The Nicene Creed, a Christian prayer dating from the fourth century, is a succinct statement of fundamental Catholic beliefs. For Catholics, God and the church are inseparable. The church holds spiritual authority because God is always present as the gospel of Christ. In addition to worshipping Christ, Catholics also venerate the Virgin Mary and a number of saints. Catholics celebrate seven sacraments, including Baptism, the Eucharist or Holy Communion, Reconciliation or Confession, Confirmation, Marriage, Holy Orders and Anointing of the Sick. For Catholics, the Eucharist sacrament transforms the bread and wine of communion into the actual body and blood of Christ. This belief is called transubstantiation, which Protestants reject. In the Catholic Church, priests perform sacraments. Catholic clergy and members of religious orders, including nuns, are unmarried and must take a vow of celibacy.

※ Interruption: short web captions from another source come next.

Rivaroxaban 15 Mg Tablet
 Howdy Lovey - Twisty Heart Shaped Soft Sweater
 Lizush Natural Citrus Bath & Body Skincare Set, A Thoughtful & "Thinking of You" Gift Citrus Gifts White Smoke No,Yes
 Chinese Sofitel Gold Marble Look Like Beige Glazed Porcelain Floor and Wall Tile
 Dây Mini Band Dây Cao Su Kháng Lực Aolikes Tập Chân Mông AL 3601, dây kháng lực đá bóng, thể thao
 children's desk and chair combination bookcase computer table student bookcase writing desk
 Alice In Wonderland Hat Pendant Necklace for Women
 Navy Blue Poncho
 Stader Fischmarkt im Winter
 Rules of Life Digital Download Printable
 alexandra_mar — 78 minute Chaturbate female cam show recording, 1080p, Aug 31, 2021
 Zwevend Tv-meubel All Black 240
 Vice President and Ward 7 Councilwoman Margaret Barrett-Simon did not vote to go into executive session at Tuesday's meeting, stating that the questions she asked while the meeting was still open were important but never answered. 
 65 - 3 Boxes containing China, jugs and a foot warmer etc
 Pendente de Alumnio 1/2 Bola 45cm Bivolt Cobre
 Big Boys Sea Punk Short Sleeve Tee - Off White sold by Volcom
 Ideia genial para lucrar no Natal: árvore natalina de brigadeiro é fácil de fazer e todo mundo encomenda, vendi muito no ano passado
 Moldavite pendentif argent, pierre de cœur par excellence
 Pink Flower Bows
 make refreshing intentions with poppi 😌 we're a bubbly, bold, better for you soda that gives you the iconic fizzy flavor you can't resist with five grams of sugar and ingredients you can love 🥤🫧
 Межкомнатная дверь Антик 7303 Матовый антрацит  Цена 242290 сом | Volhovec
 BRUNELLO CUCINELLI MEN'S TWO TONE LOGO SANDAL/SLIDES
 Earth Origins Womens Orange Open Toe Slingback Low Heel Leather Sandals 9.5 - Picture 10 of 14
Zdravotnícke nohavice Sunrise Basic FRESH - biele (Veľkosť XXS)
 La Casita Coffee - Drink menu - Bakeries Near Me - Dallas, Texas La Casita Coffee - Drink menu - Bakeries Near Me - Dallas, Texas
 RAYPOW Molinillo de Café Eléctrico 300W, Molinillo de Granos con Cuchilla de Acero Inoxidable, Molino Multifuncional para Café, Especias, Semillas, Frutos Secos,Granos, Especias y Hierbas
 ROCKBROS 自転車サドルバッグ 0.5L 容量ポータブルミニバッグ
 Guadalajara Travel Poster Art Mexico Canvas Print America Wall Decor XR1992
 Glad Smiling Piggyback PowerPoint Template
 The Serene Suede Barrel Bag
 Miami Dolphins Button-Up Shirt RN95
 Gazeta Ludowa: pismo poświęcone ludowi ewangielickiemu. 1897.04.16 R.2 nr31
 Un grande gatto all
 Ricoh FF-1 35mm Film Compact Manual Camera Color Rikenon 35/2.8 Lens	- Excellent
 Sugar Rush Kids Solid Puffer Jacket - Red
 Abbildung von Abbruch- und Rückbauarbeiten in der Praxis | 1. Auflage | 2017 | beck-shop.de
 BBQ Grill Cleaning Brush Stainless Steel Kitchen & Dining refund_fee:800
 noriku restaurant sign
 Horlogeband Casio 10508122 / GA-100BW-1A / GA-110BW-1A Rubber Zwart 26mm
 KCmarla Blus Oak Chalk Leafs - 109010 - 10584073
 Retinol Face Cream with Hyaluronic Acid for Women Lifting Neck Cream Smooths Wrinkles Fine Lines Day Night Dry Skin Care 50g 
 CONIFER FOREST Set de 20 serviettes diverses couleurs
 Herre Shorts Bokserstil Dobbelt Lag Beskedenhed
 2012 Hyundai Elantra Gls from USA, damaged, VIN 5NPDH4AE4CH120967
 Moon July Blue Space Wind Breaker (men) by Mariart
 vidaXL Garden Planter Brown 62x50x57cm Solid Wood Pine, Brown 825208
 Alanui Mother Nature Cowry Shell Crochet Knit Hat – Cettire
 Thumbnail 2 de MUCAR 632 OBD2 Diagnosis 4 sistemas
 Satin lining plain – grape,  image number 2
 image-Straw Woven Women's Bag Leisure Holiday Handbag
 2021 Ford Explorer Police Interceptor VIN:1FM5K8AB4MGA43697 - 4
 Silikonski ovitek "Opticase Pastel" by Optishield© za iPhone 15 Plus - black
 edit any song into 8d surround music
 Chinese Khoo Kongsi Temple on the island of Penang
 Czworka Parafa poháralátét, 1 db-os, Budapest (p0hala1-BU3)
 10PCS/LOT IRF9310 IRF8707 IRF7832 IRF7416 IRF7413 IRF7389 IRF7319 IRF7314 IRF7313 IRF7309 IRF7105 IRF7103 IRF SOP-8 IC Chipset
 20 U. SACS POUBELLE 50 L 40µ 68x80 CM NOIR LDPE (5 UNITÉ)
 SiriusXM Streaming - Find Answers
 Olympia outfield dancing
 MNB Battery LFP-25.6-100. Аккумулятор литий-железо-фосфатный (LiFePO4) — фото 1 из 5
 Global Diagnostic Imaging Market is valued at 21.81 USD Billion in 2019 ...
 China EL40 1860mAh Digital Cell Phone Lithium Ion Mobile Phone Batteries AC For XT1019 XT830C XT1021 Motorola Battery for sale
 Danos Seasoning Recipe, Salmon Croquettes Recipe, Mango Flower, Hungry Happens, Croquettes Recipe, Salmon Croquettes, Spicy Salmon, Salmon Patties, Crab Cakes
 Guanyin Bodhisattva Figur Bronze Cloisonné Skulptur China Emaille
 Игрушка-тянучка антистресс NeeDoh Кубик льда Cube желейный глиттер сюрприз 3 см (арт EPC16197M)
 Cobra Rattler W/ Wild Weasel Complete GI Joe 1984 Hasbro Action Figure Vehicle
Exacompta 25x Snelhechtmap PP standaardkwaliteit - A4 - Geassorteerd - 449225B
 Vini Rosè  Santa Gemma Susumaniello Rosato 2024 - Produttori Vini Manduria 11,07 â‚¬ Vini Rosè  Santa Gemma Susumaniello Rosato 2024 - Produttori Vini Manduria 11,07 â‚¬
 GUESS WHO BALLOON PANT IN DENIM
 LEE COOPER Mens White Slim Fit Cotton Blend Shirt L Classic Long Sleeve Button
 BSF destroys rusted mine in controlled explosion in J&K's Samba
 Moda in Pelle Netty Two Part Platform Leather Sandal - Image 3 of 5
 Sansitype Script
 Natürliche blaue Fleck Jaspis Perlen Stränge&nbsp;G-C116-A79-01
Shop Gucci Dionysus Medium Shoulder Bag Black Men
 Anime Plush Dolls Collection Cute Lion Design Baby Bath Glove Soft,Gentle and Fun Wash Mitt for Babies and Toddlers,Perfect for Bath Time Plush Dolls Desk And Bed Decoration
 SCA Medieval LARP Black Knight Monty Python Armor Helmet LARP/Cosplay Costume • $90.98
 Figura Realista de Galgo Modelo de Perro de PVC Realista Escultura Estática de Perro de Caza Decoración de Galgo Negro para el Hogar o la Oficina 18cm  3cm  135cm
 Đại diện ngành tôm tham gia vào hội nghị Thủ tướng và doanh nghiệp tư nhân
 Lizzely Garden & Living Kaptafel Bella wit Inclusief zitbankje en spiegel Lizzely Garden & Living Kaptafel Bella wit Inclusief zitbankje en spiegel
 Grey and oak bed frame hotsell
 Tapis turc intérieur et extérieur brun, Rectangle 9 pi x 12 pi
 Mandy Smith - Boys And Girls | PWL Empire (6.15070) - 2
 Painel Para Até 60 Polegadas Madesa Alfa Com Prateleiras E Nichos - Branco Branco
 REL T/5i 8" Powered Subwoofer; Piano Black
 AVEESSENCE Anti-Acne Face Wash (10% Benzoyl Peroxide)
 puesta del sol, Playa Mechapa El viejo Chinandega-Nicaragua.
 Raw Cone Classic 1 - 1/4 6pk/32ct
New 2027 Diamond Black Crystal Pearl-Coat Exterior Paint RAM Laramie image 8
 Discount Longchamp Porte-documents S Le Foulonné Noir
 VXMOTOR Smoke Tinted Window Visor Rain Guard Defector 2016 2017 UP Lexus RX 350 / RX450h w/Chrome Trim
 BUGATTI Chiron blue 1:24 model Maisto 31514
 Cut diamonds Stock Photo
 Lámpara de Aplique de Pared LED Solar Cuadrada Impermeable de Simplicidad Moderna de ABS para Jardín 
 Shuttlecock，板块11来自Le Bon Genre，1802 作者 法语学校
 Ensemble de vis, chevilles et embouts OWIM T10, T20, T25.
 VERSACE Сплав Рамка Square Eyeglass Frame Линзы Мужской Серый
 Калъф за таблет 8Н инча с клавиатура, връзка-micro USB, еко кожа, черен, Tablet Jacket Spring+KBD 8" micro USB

The Protestant Reformation of the 1500s set off the formation of three main Protestant branches: Lutheranism, Calvinism or the Reformed tradition, and the English or Anglican tradition. Other Christian denominations have since split off from the main branches, while still others have diverged from those. Since the Reformation, Protestants have believed in the Bible as their sole spiritual authority. Protestants also emphasize the individual's relationship with God. Unlike Catholics, Protestants believe it is permissible for clergy to marry and not be celibate. In addition to these key beliefs, each Protestant denomination has its own views and teachings.
The Methodist religion is a Protestant Christian denomination that traces its origins to 18th century England. It is based on the teachings of John Wesley, a member of the Anglican clergy. When early American Methodists founded their own church, Wesley supplied them with a liturgy and a statement of key beliefs, comprising 24 Articles of Religion. Based on similar tenets of the Church of England, there are now 25 Articles of Religion, which serve as the principles for the Methodist faith in North America. Methodists believe in putting their faith into action, doing good deeds and avoiding bad deeds, thereby living a virtuous life. They believe that all Christians ought to share communion and that every church should have the freedom to modify or abolish certain sacraments as they see fit. Fundamentally, however, Methodists share the basic beliefs of all people who are Christians.